TASK DETAILS:
I'd like the data beneath this line reproduced exactly, without any of its images.

Source data:
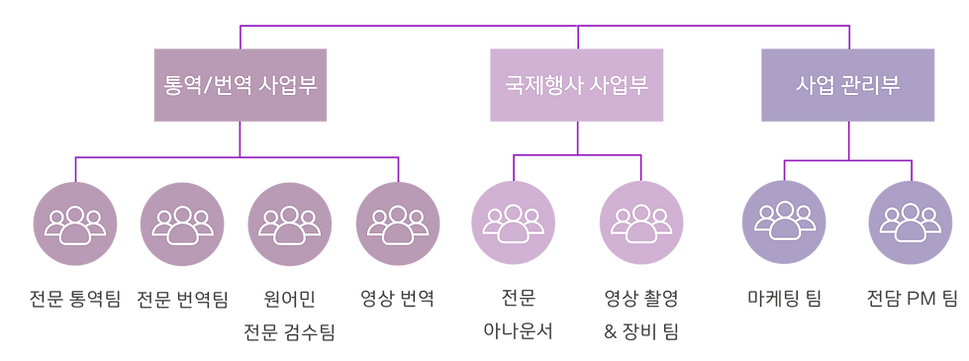 그림1231.png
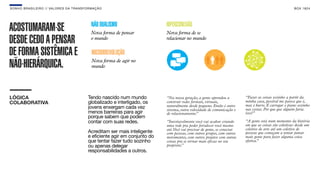 SON H O B R A SILE IRO // VAL ORE S DA TRANSF ORMAÇÃO                                                                                                        B O X 1 8 24




                                               NÃO DUALISMO                     HIPERCONEXÃO
ACOSTUMARAM-SE                                Nova forma de pensar              Nova forma de se
DESDE CEDO A PENSAR                           o mundo                           relacionar no mundo


DE FORMA SISTÊMICA E                           MICRORREVOLUÇÃO
                                               Nova forma de agir no
NÃO-HIERÁRQUICA.                               mundo
                                                                                                          MICRO-              HIPERCONEXÃO
                                                                               NÃO-DUALISMO             REVOLUÇÕES


LÓGICA                                       Tendo nascido num mundo            “Na nossa geração, a gente aprendeu a          “Fazer as coisas sozinho a partir da
COLABORATIVA                                 globalizado e interligado, os      construir redes formais, virtuais,             minha casa, possível me parece que é,
                                                                                                                               mas é burro. É carregar o piano sozinho
                                             jovens enxergam cada vez           naturalmente desde pequeno. Então é outro
                                                                                sistema, outra velocidade de comunicação e     nas costas. Por que que alguém faria
                                             menos barreiras para agir          de relacionamento. ”                           isso?”
                                             porque sabem que podem
                                             contar com suas redes.             “Inevitavelmente você vai acabar criando       “A gente está num momento da história
                                                                                uma rede pra poder fortalecer você mesmo       em que as coisas são coletivas: desde um
                                                                                até.Você vai precisar de gente, se conectar    coletivo de arte até um coletivo de
                                             Acreditam ser mais inteligente     com pessoas, com outros grupos, com outros     pessoas que começam a tentar juntar
                                             e eficiente agir em conjunto do    movimentos, com outros projetos com outras     mais gente para fazer alguma coisa
                                             que tentar fazer tudo sozinho      coisas pra se tornar mais eﬁcaz no seu         efetiva.
                                                                                                                                      ”
                                             ou apenas delegar                  propósito.
                                                                                         ”
                                             responsabilidades a outros.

ANSWER:
 그림1231.png
 SON H O B R A SILE IRO // VAL ORE S DA TRANSF ORMAÇÃO                                                                                                        B O X 1 8 24




                                               NÃO DUALISMO                     HIPERCONEXÃO
ACOSTUMARAM-SE                                Nova forma de pensar              Nova forma de se
DESDE CEDO A PENSAR                           o mundo                           relacionar no mundo


DE FORMA SISTÊMICA E                           MICRORREVOLUÇÃO
                                               Nova forma de agir no
NÃO-HIERÁRQUICA.                               mundo
                                                                                                          MICRO-              HIPERCONEXÃO
                                                                               NÃO-DUALISMO             REVOLUÇÕES


LÓGICA                                       Tendo nascido num mundo            “Na nossa geração, a gente aprendeu a          “Fazer as coisas sozinho a partir da
COLABORATIVA                                 globalizado e interligado, os      construir redes formais, virtuais,             minha casa, possível me parece que é,
                                                                                                                               mas é burro. É carregar o piano sozinho
                                             jovens enxergam cada vez           naturalmente desde pequeno. Então é outro
                                                                                sistema, outra velocidade de comunicação e     nas costas. Por que que alguém faria
                                             menos barreiras para agir          de relacionamento. ”                           isso?”
                                             porque sabem que podem
                                             contar com suas redes.             “Inevitavelmente você vai acabar criando       “A gente está num momento da história
                                                                                uma rede pra poder fortalecer você mesmo       em que as coisas são coletivas: desde um
                                                                                até.Você vai precisar de gente, se conectar    coletivo de arte até um coletivo de
                                             Acreditam ser mais inteligente     com pessoas, com outros grupos, com outros     pessoas que começam a tentar juntar
                                             e eficiente agir em conjunto do    movimentos, com outros projetos com outras     mais gente para fazer alguma coisa
                                             que tentar fazer tudo sozinho      coisas pra se tornar mais eﬁcaz no seu         efetiva.
                                                                                                                                      ”
                                             ou apenas delegar                  propósito.
                                                                                         ”
                                             responsabilidades a outros.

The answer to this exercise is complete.